Making the Company Stronger

There is this perception that mass layoffs make companies stronger. They don’t. Usually, its because they don’t solve the root of the problem. The problems might even be making the layoff decisions.

Other than some major external factors shifting without warning, the failures that lead to a mass layoff are the responsibility of the C-Suite. And in the end, it is the failure of company leadership that causes mass layoffs. Sadly, they often don’t see it and aren’t held accountable. Instead, they hold others accountable for their failure in leadership and decision making.

Are You a Knuckle-Dragger?

Considering a Mass Layoff? You Might Be a Knuckle-DraggerIt saddens me how many executives think mass layoffs are a viable option. To be fair, in some rare cases they are, but not usually. Yet, we have created a business culture that says it is just another way of doing business. But the ways of doing business are changing, and mass layoffs are more of a detriment to your organization than ever before.

Think about millennials, for example. We constantly hear companies complain that the millennials don’t want to work for them, or are more concerned with personal gain than their loyalty to the company. I’ve heard many business executives shake their heads, tsk and complain about this behavior. Guess what, knuckle-draggers? You caused it. Who’d want to be loyal to a company when mass layoffs are a just another way of doing business?

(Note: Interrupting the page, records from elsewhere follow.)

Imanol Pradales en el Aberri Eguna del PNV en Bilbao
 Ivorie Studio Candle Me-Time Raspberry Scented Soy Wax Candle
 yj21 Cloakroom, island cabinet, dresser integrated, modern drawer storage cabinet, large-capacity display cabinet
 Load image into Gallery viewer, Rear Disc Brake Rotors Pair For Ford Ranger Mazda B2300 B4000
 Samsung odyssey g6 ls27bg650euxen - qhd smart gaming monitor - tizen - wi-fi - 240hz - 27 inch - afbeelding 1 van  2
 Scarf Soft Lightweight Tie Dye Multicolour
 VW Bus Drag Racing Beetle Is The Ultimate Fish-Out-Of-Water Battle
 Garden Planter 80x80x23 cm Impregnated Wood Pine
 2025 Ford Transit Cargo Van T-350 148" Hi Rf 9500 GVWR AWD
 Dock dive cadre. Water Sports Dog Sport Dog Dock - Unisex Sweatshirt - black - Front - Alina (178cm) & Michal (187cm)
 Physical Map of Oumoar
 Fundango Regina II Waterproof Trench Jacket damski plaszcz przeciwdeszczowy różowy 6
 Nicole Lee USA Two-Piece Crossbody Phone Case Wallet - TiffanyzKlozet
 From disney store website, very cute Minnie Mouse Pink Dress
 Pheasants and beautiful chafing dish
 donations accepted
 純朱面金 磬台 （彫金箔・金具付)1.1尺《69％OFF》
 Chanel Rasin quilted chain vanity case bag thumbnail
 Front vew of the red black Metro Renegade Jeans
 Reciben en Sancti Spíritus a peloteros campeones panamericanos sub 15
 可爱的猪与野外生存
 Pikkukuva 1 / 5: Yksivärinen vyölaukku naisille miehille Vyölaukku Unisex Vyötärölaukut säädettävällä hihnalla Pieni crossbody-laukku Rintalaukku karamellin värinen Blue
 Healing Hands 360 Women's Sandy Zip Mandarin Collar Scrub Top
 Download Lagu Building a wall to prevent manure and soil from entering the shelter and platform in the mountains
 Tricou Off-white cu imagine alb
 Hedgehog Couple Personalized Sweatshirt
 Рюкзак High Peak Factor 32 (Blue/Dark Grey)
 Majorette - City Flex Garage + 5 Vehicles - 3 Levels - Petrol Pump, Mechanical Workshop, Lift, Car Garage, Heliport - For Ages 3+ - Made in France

Financially, layoffs reduce stock prices. They reduce productivity and cause a need for payouts in severance, plus the cost of rehiring employees as business improves. They cause a burden on the tax payers because of the increase in unemployment recipients. They make people wary of working there, have a severe negative effect on employee health, and often leave the organization with a less capable workforce in the long run.

So, with the overwhelming amount of evidence about the detrimental effects of mass layoffs, why do they still do it? How do we get the knuckle-draggers to put down the clubs, become leaders, and make better decisions?